Visibility in the cloud


One of the challenges in moving a virtual machine from a private data center to a public cloud like Amazon Elastic Compute Cloud (EC2) or Rackspace Cloud is maintaining visibility into performance.

The article, Cloud-scale performance monitoring, describes how the sFlow standard delivers the visibility needed to manage the cloud infrastructure. In the case of a private cloud, where the physical infrastructure and virtual machines are dedicated to a single organization, the visibility provided by the infrastructure can be shared with internal customers and used to manage the services deployed in the cloud.

However, in a public cloud the infrastructure is owned and operated by the cloud service provider and customers are typically given very little visibility into the shared infrastructure hosting their virtual machines.

For example, the diagram at the top of this article shows three virtual machines, VM1, VM2 and VM3, hosted on two physical servers, Server 1 and Server 2. If these virtual machines were hosted in a private cloud all the elements of the physical and virtual infrastructure shown in the diagram can be instrumented with sFlow providing visibility to the management team.

However, move the three virtual machines to a public cloud and only the virtual machines are visible.
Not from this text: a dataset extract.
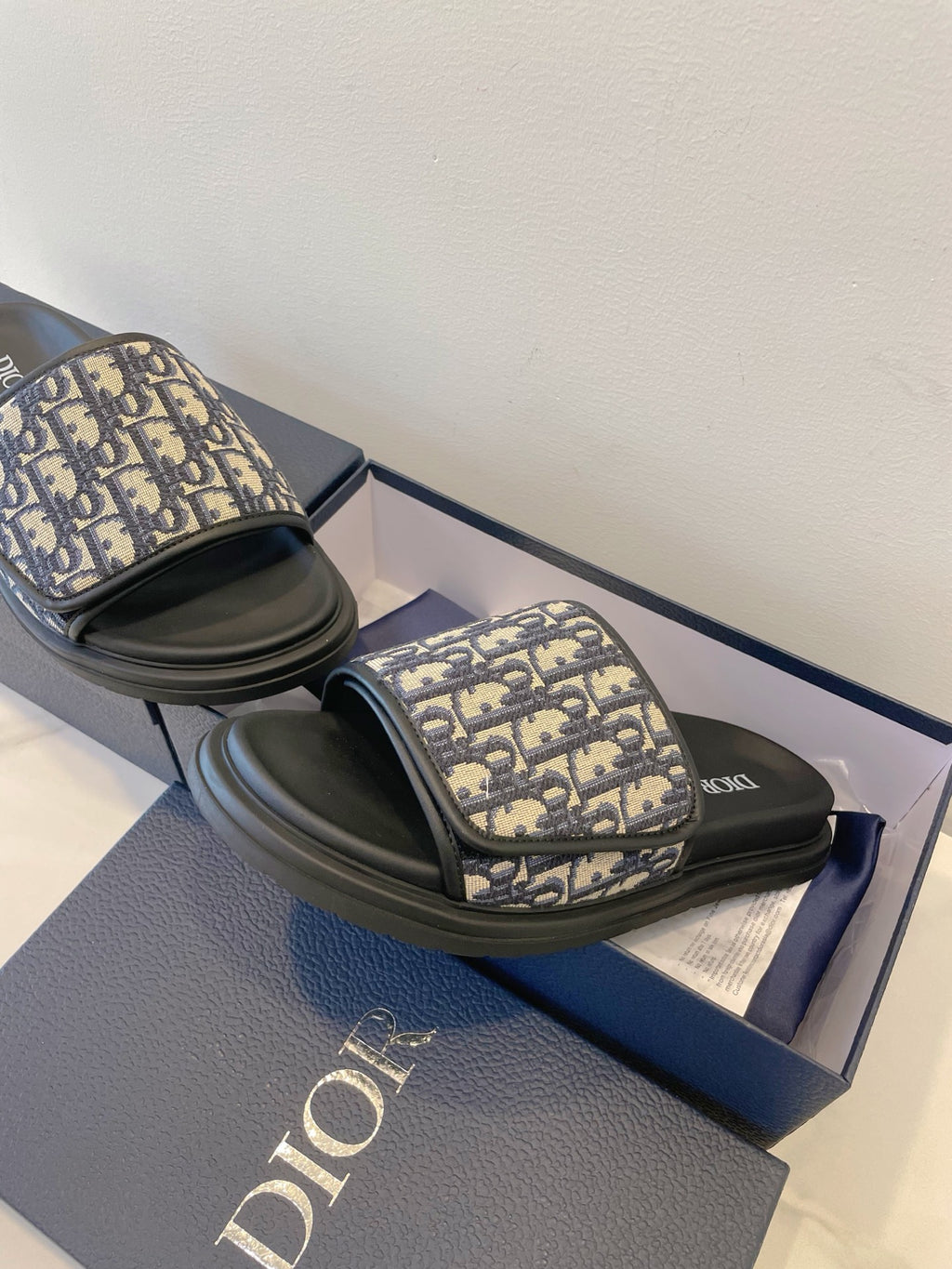 Dior slide sandals with navy monogram strap and black rubber sole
A Management Boundary separates service provider resources from the customer resources and it is no longer possible to know which virtual machines are hosted on which physical servers or to see network and system performance using sFlow from switches and servers.


The diagram above shows the elements from the example that are visible in a public cloud deployment. The example is representative of a typical small scale deployment: the Vyatta virtual appliance (VM3) provides routing and firewall capabilities, VM1 is configured as a web server and VM2 as a database server. One of the benefits of moving to the public cloud is the ability to scale up the number of servers to meet demand. The article, How Zynga Survived FarmVille, describes using a public cloud provider to handle rapidly changing workloads. The architecture mentioned in the article is a widely adopted, scale-out, implementation of the elements shown in the diagram - see Memcached for additional details, large scale deployments of this architecture may involve thousands of servers.
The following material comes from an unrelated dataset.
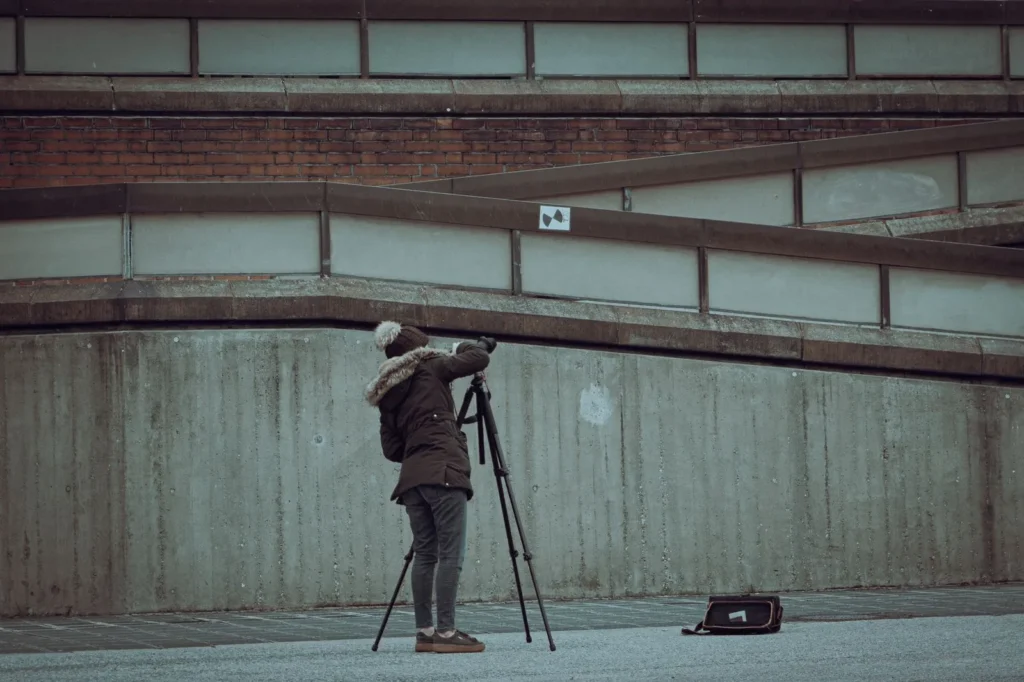 Photographer in winter clothes shooting a concrete building with a camera on a tripod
In order to provide visibility in a public cloud deployment, each virtual machine must be responsible for monitoring its own performance. The Vyatta virtual appliance already includes support for sFlow. Installing Host sFlow agents on the virtual machines extends visibility to include network and system performance throughout the virtual machine cluster - see Cluster performance.
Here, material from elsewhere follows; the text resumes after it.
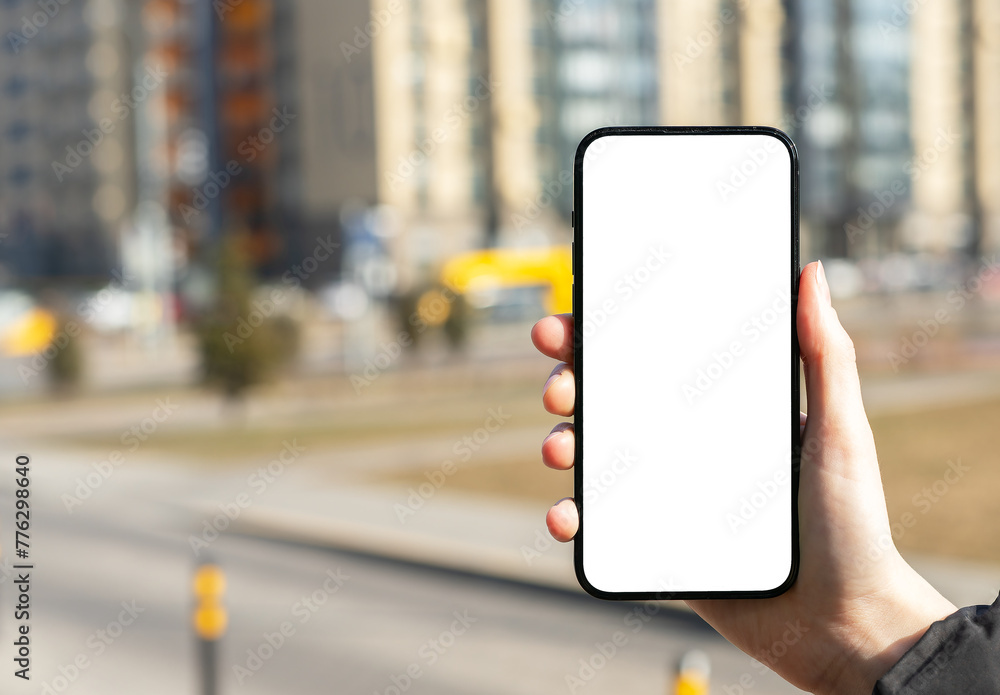 Hand holding mobile phone screen mockup, white blank smartphone display, blurred city background Hand holding mobile phone screen mockup, white blank smartphone display, blurred city background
A key benefit of deploying services in the public cloud is the ability to dynamically add and remove capacity. In this environment, sFlow monitoring helps control costs by providing the data needed to closely match capacity to demand. In addition, many organizations operate hybrid clouds with some workloads running in a private cloud and others running in the public cloud. sFlow simplifies management by delivering integrated visibility across all the physical and virtual elements in the private and public cloud, providing the measurements needed to manage costs by striking the optimal balance between public and private cloud capacity.